Need some help ! newbie here !

**jhaycianofficial** · January 11th 2013, 05:55 PM

hi i'm Jhaycian Velasquez 19 years of age an engineering student

)

can u please help me out of this give me some figure

two observers who are 2 miles apart on a horizontal plane observe a balloon in a same vertical plane with them

two observers who are 2 miles apart on a horizontal plane observe a balloon in a same vertical plane with themselves. the angles of elevation are 50 degrees and 65 degrees respectively. find the height of the balloon,(a)if it is between the observers;(b)if it is on the same side of both of them.

) i hope u will help me

)

**Soroban** · January 11th 2013, 07:33 PM

Hello, Jhaycian!

Two observers are 2 miles apart on a horizontal plane.
They observe a balloon in a same vertical plane with themselves.
The angles of elevation are 50 degrees and 65 degrees respectively.
Find the height of the balloon

(a) if it is between the observers.

Code:

            C
            *
           *| *
          * |   *
         *  |h    *
        *   |       *
       *65  |      50 *
    A *-----*-----------* B
      :  x  D    2-x    :

The observers are at $A$ and $B$ : $AB = 2.$
The balloon is at $C$ ; its height is $h = CD.$
$\angle A = 65^o,\;\angle B = 50^o.$
Let $x = AD\quad\Rightarrow\quad 2-x = DB.$

In $\Delta CDA\!:\;\tan65^o \,=\,\frac{h}{x} \quad\Rightarrow\quad x \:=\:\frac{h}{\tan65^o}$ .[1]

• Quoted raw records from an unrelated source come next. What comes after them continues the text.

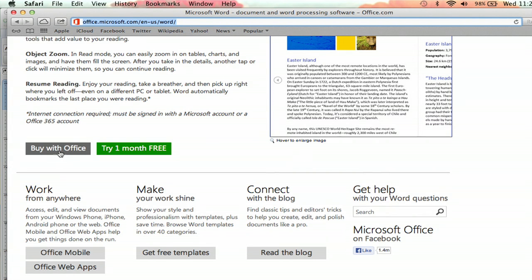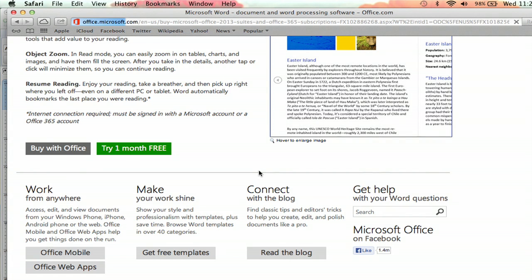But if you're ready to buy it, just click buy with Office right here, and you'll be good to go. And that's how you download Microsoft Word for Mac. I'm Jeff and thank you for watching.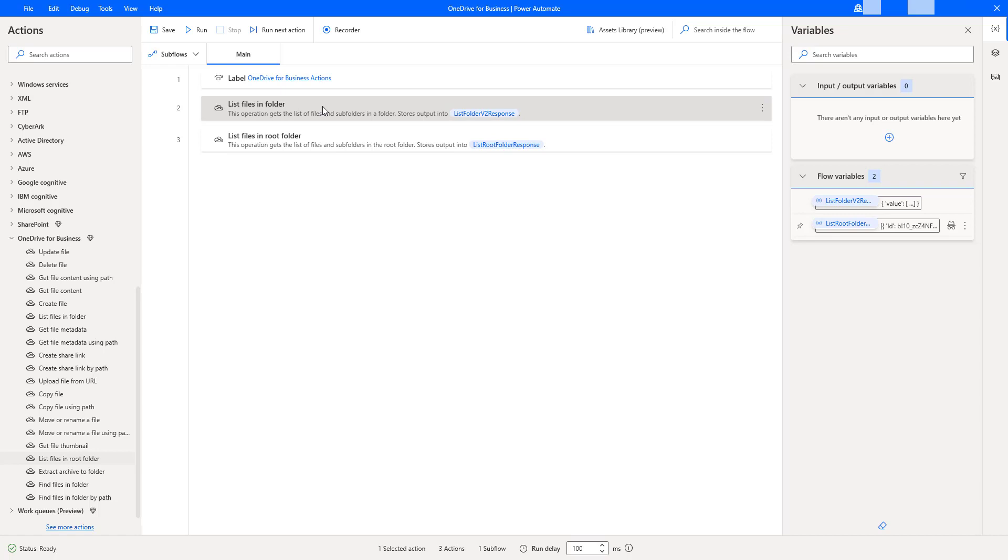In the list files in folder action, you have to specify the path. Whereas, in list of files in root folder, you do not want to specify any path. It will give the output of the files and subfolders by using the root folder by default.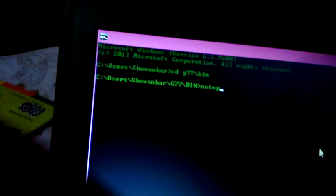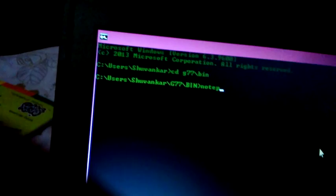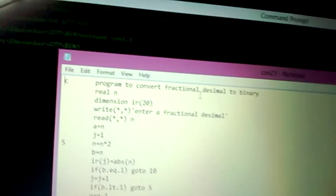Now open a program written for FORTRAN language. This is my program to convert fractional decimal to binary. Open the same program.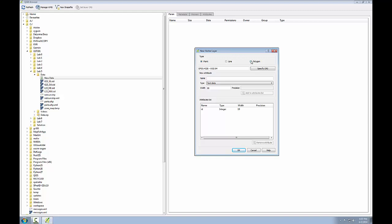I'm going to choose the geometry of my new shapefile as polygon, then I'm going to choose the coordinate reference system that this dataset will be created with.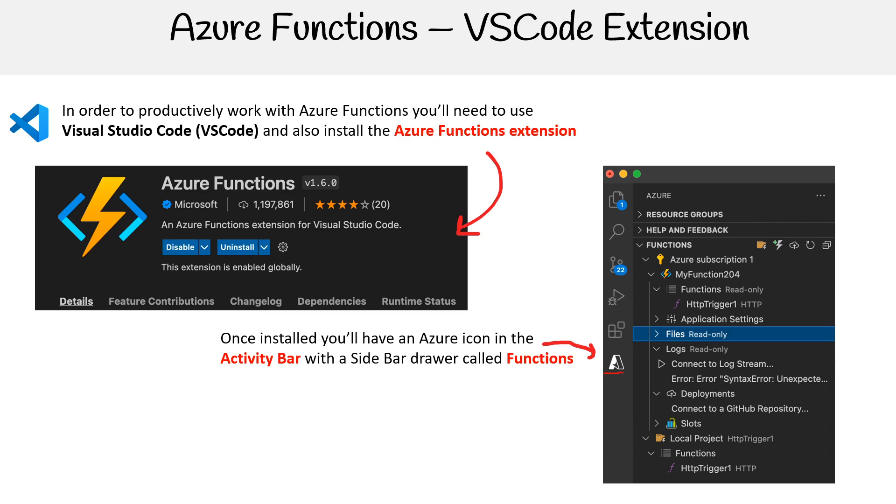So the idea is you install this, and then now you have at the top here the Functions tab.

In $\Delta CDB\!:\;\tan50^i \:=\:\frac{h}{2-x} \quad\Rightarrow\quad x \:=\:\frac{2\tan50^o - h}{\tan50^o}$ .[2]

Equate [1] and [2]: . $\frac{h}{\tan65^o} \:=\:\frac{2\tan50^i - h}{\tan50^o}$

. . . . . . . . . . . . . . $h\tan50^o \:=\:2\tan50^o\tan65^o - h\tan65^o$

. . . . . . . $\h\tan50^o + h\tan65^o \;=\;2\tan50^o\tan65^o$

. . . . . . $h(\tan50^o + \tan65^o) \;=\;2\tan50^o\tan65^o$

Therefore: . $h \;=\;\frac{2\tan50^o\tan65^o}{\tan50^o+\tan65^o} \;\;\approx\;\;1.532\text{ miles.}$

(b) if it is on the same side of both of them.

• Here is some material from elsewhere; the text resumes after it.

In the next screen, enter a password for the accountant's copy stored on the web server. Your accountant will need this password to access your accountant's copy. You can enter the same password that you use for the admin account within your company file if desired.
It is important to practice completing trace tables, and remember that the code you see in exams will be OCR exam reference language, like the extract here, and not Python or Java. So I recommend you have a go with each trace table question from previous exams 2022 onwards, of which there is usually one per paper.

This is the diagram for this scenario.

Code:

                      * C
                    **|
                  * * |
                *  *  |
              *   *   |h
            *    *    |
          *     *     |
        *50    *65    |
    A *-------*-------* D
      :   2   B   x   :

Give it a try . . .

**jhaycianofficial** · January 12th 2013, 04:02 AM

Originally Posted by Soroban

Hello, Jhaycian!

Code:

            C
            *
           *| *
          * |   *
         *  |h    *
        *   |       *
       *65  |      50 *
    A *-----*-----------* B
      :  x  D    2-x    :

The observers are at $A$ and $B$ : $AB = 2.$
The balloon is at $C$ ; its height is $h = CD.$
$\angle A = 65^o,\;\angle B = 50^o.$
Let $x = AD\quad\Rightarrow\quad 2-x = DB.$

In $\Delta CDA\!:\;\tan65^o \,=\,\frac{h}{x} \quad\Rightarrow\quad x \:=\:\frac{h}{\tan65^o}$ .[1]

In $\Delta CDB\!:\;\tan50^i \:=\:\frac{h}{2-x} \quad\Rightarrow\quad x \:=\:\frac{2\tan50^o - h}{\tan50^o}$ .[2]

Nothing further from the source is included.